» PROBLEM DESCRIPTION:
What you return should match the data word for word, minus the images.

» Collected data entries:
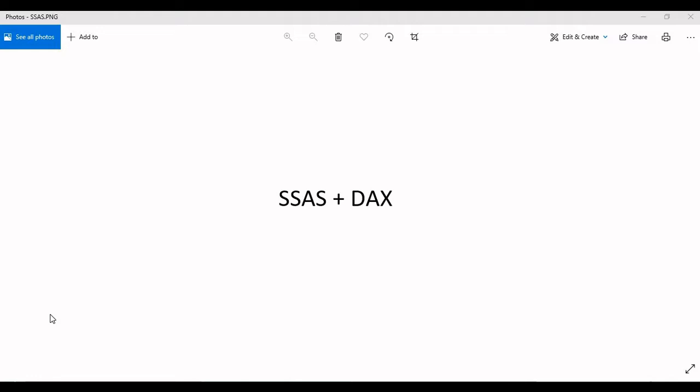Like SQL Server development, performance tuning, Power BI and DAX, and integration services. Now we'll go to the Visual Studio where we can understand how to create KPIs in SSIS tabular model. Let me open Visual Studio.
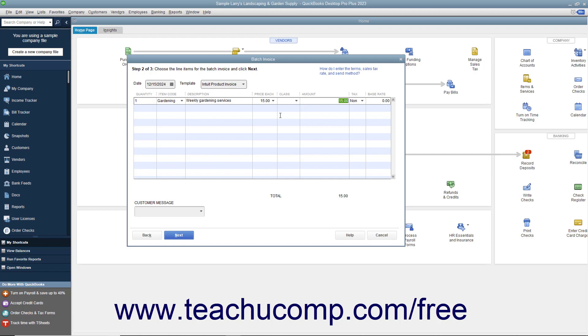If needed, you can enter a customer message to print on the batch invoices into the Customer Message field at the bottom of the screen. When finished, click the Next button to continue.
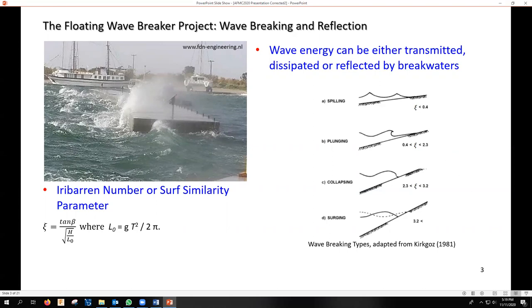To get breaking, we need a mild slope, which is what we have in the beach.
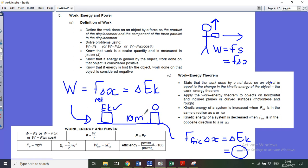The negative answer is correct — energy is a scalar, but it's negative because the force acts against the direction of motion, making the object stop. Think of energies as positive and negative logically: work done on an object by an engine (speeding it up) is positive; work done by friction (slowing it down) is negative. It simply means energy is lost by the system, not that work has a direction.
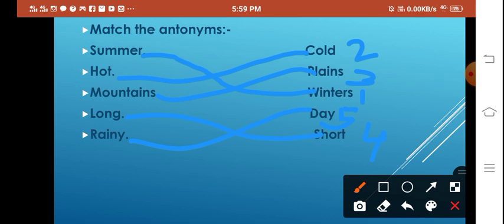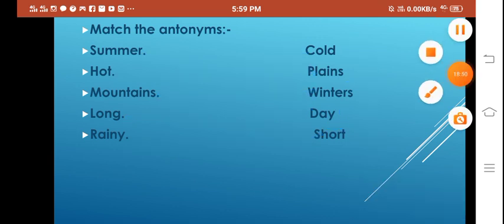So these are all the antonyms: summer–winter, hot–cold, mountains–plains, long–short, rainy–day. This is all about chapter number 13, which you have to complete in your notebook and also study from the book. Study it well and stay safe at your homes. Thank you so much.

» TASK ANSWER:
Like SQL Server development, performance tuning, Power BI and DAX, and integration services. Now we'll go to the Visual Studio where we can understand how to create KPIs in SSIS tabular model. Let me open Visual Studio.
If needed, you can enter a customer message to print on the batch invoices into the Customer Message field at the bottom of the screen. When finished, click the Next button to continue.
To get breaking, we need a mild slope, which is what we have in the beach.
The negative answer is correct — energy is a scalar, but it's negative because the force acts against the direction of motion, making the object stop. Think of energies as positive and negative logically: work done on an object by an engine (speeding it up) is positive; work done by friction (slowing it down) is negative. It simply means energy is lost by the system, not that work has a direction.
So these are all the antonyms: summer–winter, hot–cold, mountains–plains, long–short, rainy–day. This is all about chapter number 13, which you have to complete in your notebook and also study from the book. Study it well and stay safe at your homes. Thank you so much.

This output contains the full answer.